Collected data entries

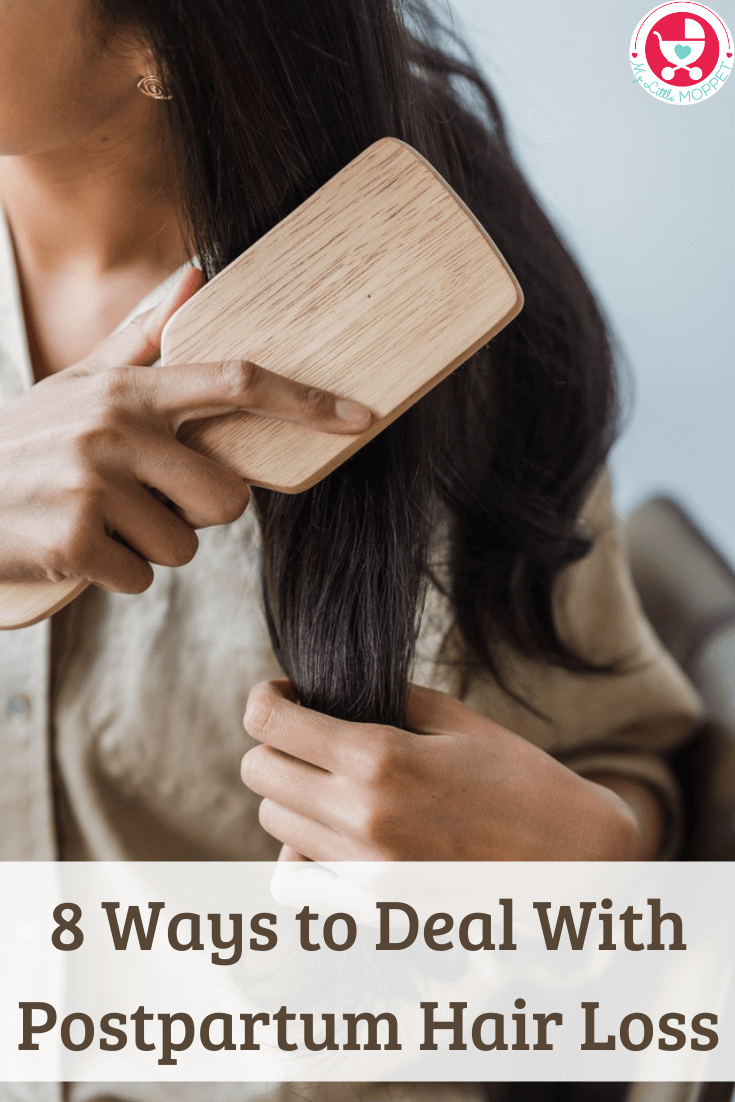 8 Ways to Deal With Postpartum Hair Loss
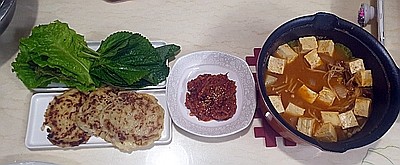  먹는사람마다 엄지척~ 골뱅이된장찌개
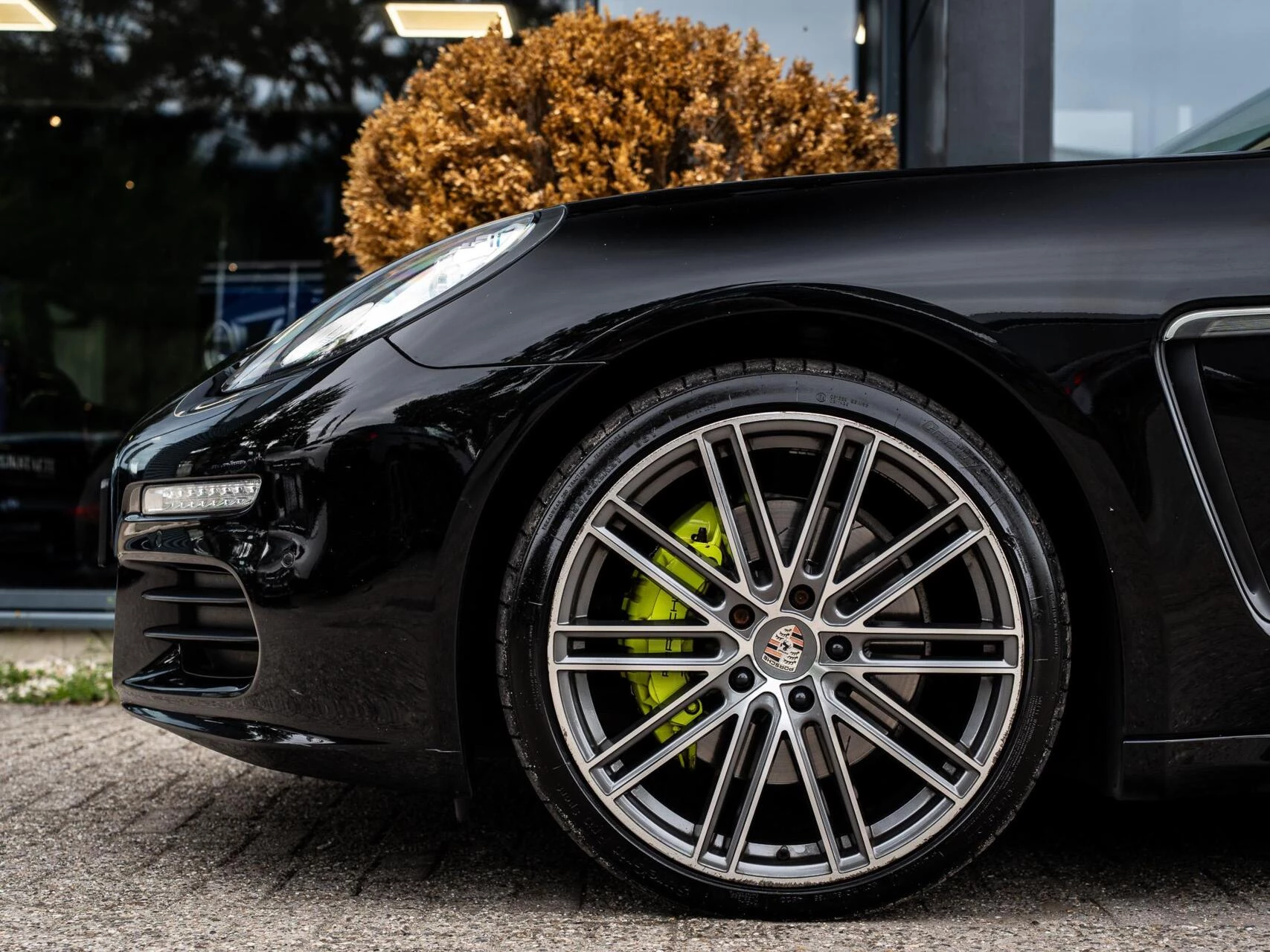 Hoofdafbeelding Porsche Panamera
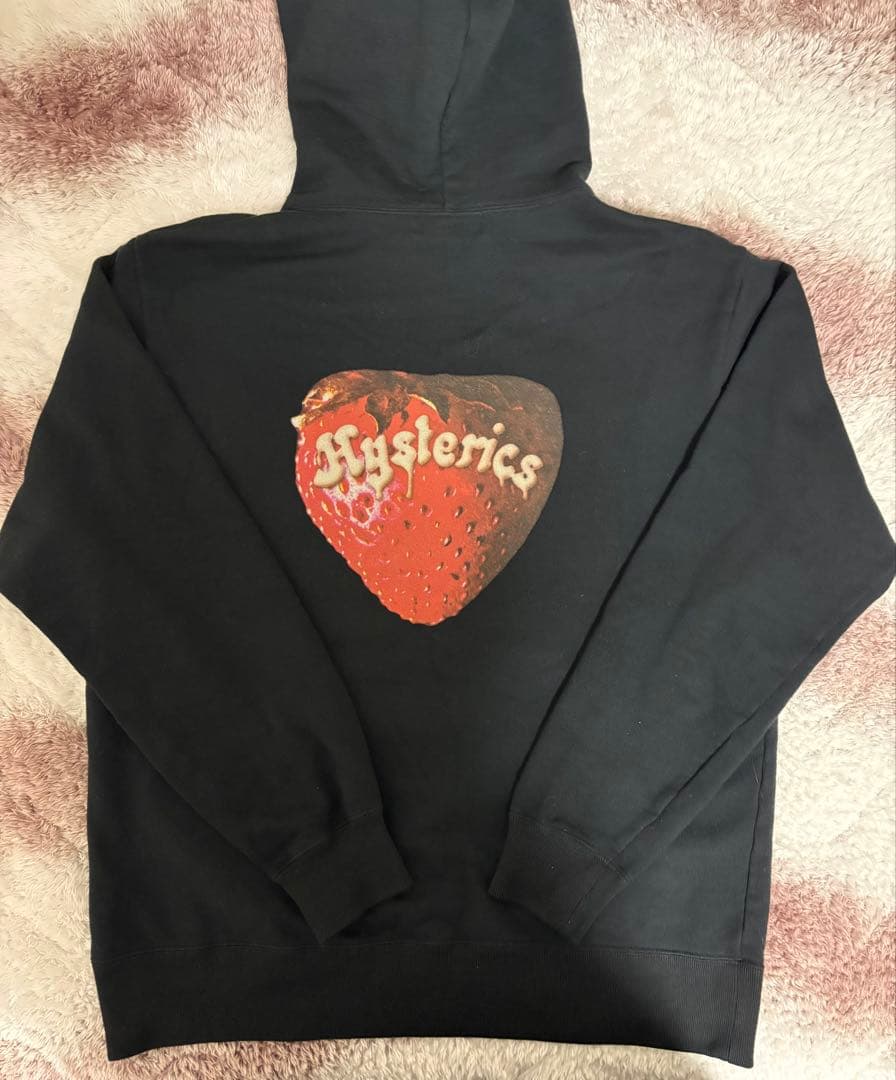 ヒステリックグラマー　SKULL BERRYパーカー　Lサイズ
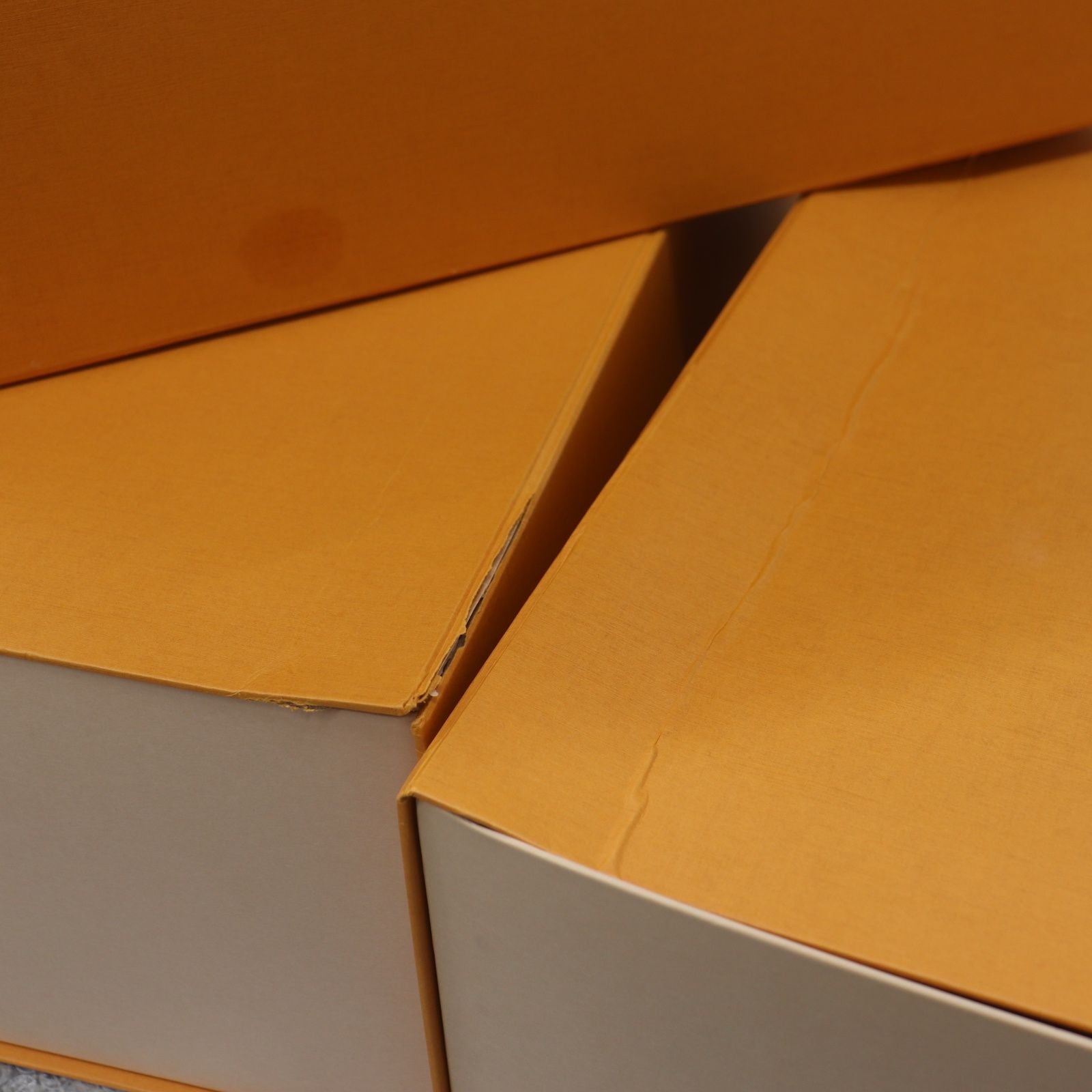IT1J9QXM99HG LOUIS VUITTON ルイヴィトン BOX 空き箱 ショッパー 純正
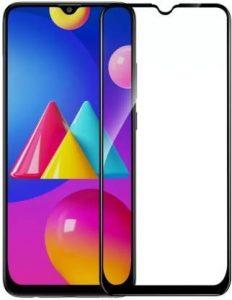 HUGSY Tempered Glass Guard for Samsung Galaxy M02S, Samsung Galaxy M02 (Pack of 1)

- **Description of the task**
Reproduce exactly the part of the records above that begins at the line holding "먹는사람마다 엄지척~ 골뱅이된장찌개" and ends at the final line, both included, leaving out the pictures.

- **Output for this task**
  먹는사람마다 엄지척~ 골뱅이된장찌개
 Hoofdafbeelding Porsche Panamera
 ヒステリックグラマー　SKULL BERRYパーカー　Lサイズ
IT1J9QXM99HG LOUIS VUITTON ルイヴィトン BOX 空き箱 ショッパー 純正
 HUGSY Tempered Glass Guard for Samsung Galaxy M02S, Samsung Galaxy M02 (Pack of 1)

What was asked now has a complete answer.